Утреню начал один из помощников о.Иоанна. А скоро, через узкую правую боковую дверь алтаря вошел и Батюшка в меховой шубе – дар почитателей. Отдавши ее на руки одному из сторожей (их было много в соборе, как увидим), он ни на кого не глядя, ни с кем не здороваясь, быстро и решительно подошел к престолу и также быстро пал на колени перед ним. Не помню: перекрестился ли на этот раз? После я заметил, что он не раз падал ниц, не крестясь – очевидно, так требовала его пламенная душа. Иногда, вместо креста, всплескивал руками; а иногда и крестился. Ясно, что для него форма не имела связывающего значения, – как и должно быть у людей, горящих духом: «Не человек для субботы, а суббота для человека», – говорил Господь.
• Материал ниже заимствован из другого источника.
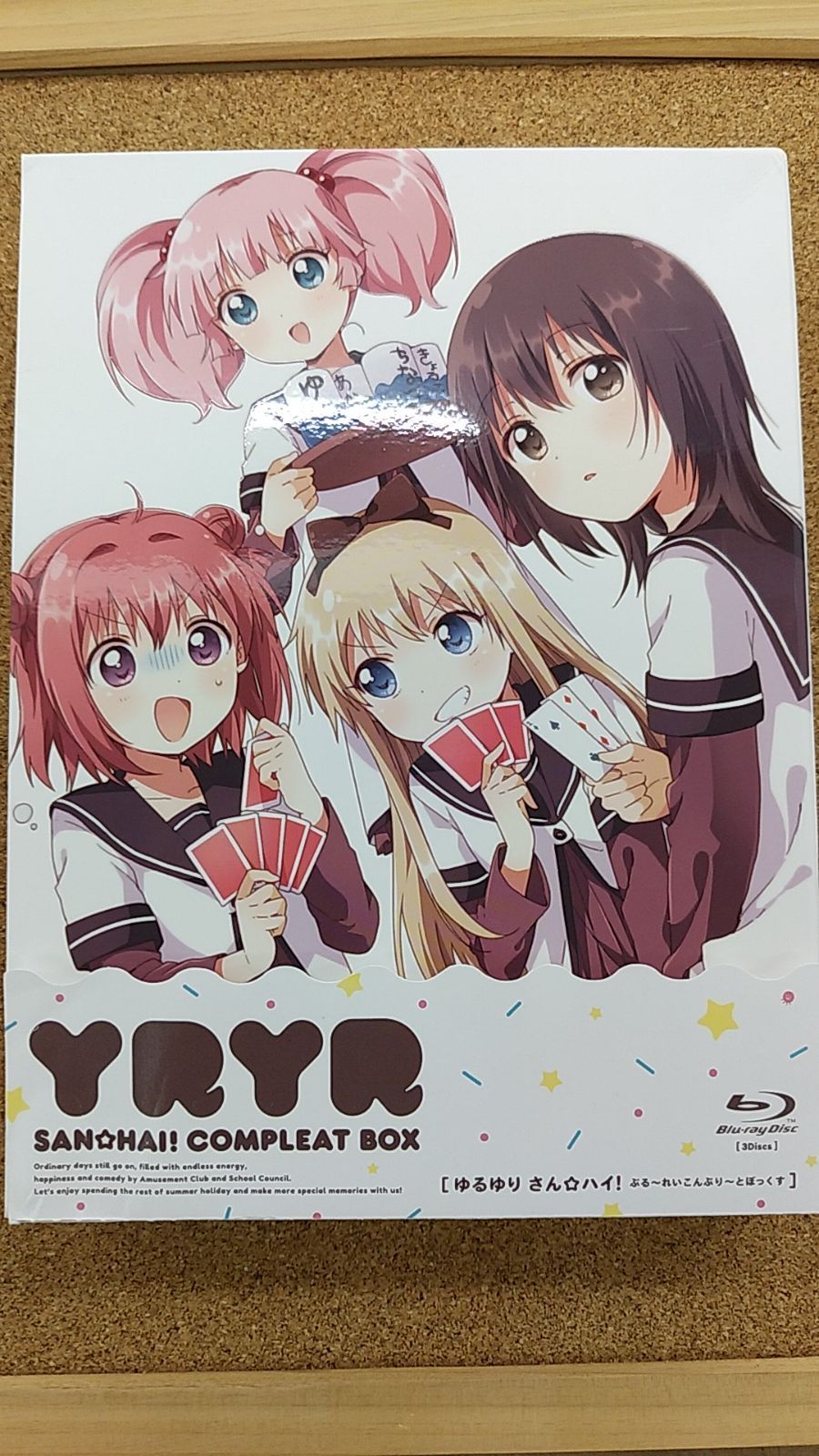 中古】ゆるゆり さん☆ハイ! ぶる~れいこんぷり~とぼっくす Blu-ray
Конечно, это право принадлежит не нам, рядовым и слабым людям, а окрепшим в благодати Божией; поэтому никому нельзя искусственно подражать таким великанам...
После этого Батюшка обратился уже к присутствующим в алтаре; и со всеми нами весьма ласково поздоровался, преподав мирянам благословение.
Потом быстро оторвался от нас и энергично пошел к жертвеннику. Там уже лежала целая стопка телеграмм, полученных за день и за ночь со всех концов Руси. Батюшка не мог их сразу и прочитать здесь. Потому он с тою же горячностью упал перед жертвенником, возложил на все эти телеграммы свои святые руки, припав к ним головою, и начал тайно молиться Всевидящему Господу о даровании милостей просителям... Что потом делалось с этими телеграммами, я лично не знаю – вероятно, секретарствующие лица посылали ответы по адресам, согласно общим указаниям, данным Батюшкою. В особых случаях им самим составлялись тексты для телеграмм. Да ведь, собственно, и не в этих ответах было главное дело, а в той пламенной молитве, которая возносилась им пред жертвенником или в других местах, где захватывали его просьбы...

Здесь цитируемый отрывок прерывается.